Questo potresti dirmelo tu, Yumi… Di certo sai come sono nervoso e agitato quando porto la squadra a una competizione. Ci tengo in modo particolare, perché dentro di me batte il cuore di un agonista e se a fare la gara siete voi, i miei allievi, sento ancora più forte l’emozione. Sono molto fortunato ad avere dei ragazzi che capiscono la mia situazione e ogni volta si impegnano a dare il massimo, indipendentemente dal risultato. Tra loro, inoltre, non sorgono mai problemi di gelosie o di rivalità, ma c’è solo un sano agonismo che li porta tutti a migliorare. La gratificazione più grande mi viene poi dal constatare che, anche quando sono solo in due o in tre a dover fare la gara, viene sempre un numeroso gruppo di persone a sostenerci e a fare il tifo.
Altro punto di forza è il fatto di poter contare sull’aiuto di atleti che hanno alle spalle un passato agonistico non di certo indifferente, come Yuri Shirai, Katia Schiavi e Paolo Busso.
Dopo che ti sei trasferito a Milano, hai mantenuto ancora rapporti con i tuoi amici e allievi di Torino?
Si, certo, sono ormai 13 anni che mi reco a Torino una volta al mese per insegnare ancora a molti dei miei primi allievi. Tra loro mi fa piacere ricordare anche due grandi amici, Michele Magrì e Daniele Bovo.
Hai fatto molte competizioni e adesso ti capita ancora di partecipare a gare internazionali, di certo sei un atleta polivalente, sempre pronto a gareggiare in tutte le specialità. Potresti approfondire un po’ meglio questo discorso?
Sicuramente nella scuola del M° Shirai ho imparato a essere un atleta completo e ciò significa che solo praticando seriamente, usando la mente e il corpo con la massima efficacia, si migliora.
Premesso questo, posso dire di aver sempre preferito il kumite, perché in gara mi consente di usare di più la fantasia e l’istinto, qualità che caratterizzano maggiormente la mia personalità e il mio modo di essere. Il kata è certamente una specialità che mi piace molto e, anche se non riesco magari a esprimere il massimo, è molto stimolante per me continuare a praticarlo e sentire costantemente il desiderio di migliorare. Infine, con le gare di enbu, ho trovato la possibilità di esprimere sia la fantasia e le doti agonistiche del kumite, sia la ricerca della forma e la continua ripetizione del kata.
Quali sono stati i tuoi compagni di enbu?
Ho avuto sempre dei compagni formidabili e veramente preparati.
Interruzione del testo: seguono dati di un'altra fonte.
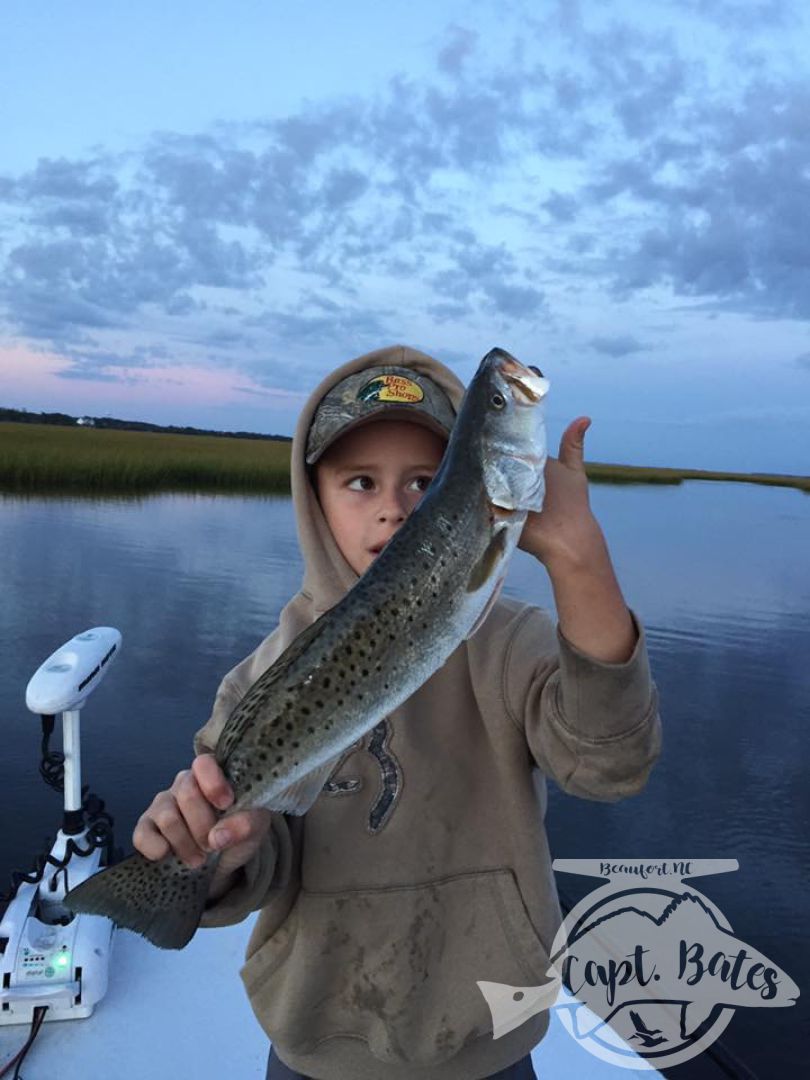 One of his first good sized trout!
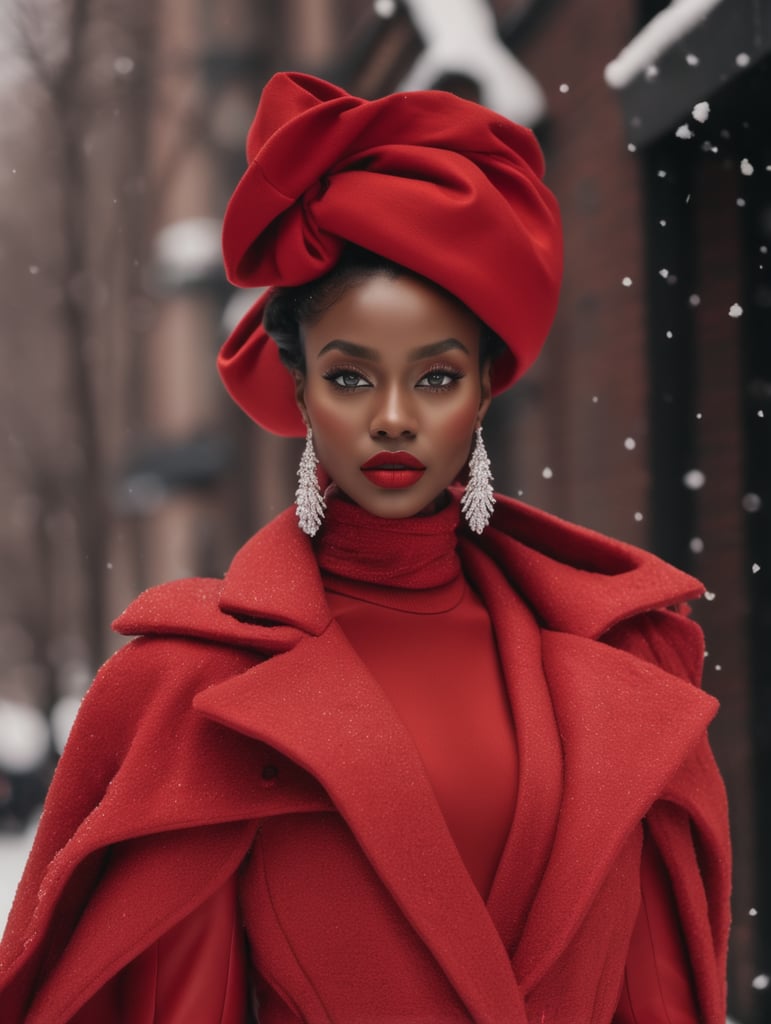 Dark skin model wearing a red designer outfit in the snow in New York.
Ho iniziato con Elio Giacobini che mi ha dato molto, sia per la sua esperienza, sia per la sua grande generosità e amicizia. Elio era sempre pronto a consigliarmi e a darmi la carica ogni volta che facevamo una gara insieme. Da non dimenticare poi gli altri compagni con cui ho stretto nel tempo un buon rapporto di amicizia e collaborazione agonistica: Patrizia Cerioni, Yuri Shirai, Nazario Moffa e per ultimo, ma di altrettanto grande valore, Mirko Saffiotti.
Durante i recenti Campionati Europei poi, si è presentata una situazione diversa dal solito, ma al tempo stesso molto stimolante. Avevo preparato enbu con Nazario che però, all’ultimo momento, non è potuto partire per la nascita di sua figlia. Così mi sono ritrovato a preparare, in pochissimo tempo, un enbu con Mirko Saffiotti e uno con Ilaria Rigoldi. Devo dire che, in questa circostanza un po’ insolita, l’esperienza di tanti anni di competizioni internazionali mi ha sicuramente aiutato a infondere calma e, al tempo stesso, forza ai miei due nuovi compagni. Riuscire a superare anche questa prova, mettendo in pratica ciò che fino a ora ho imparato e poi portare a casa due medaglie d’oro, è stata davvero una bella emozione.
Allora, a quando la tua la prossima gara?
Gareggiare è una cosa che ho ancora dentro e spesso sento il desiderio di farlo nuovamente, ma è anche giusto che ogni tempo abbia il suo agonista e ora di ragazzi giovani e bravi ne vedo molti… Oss!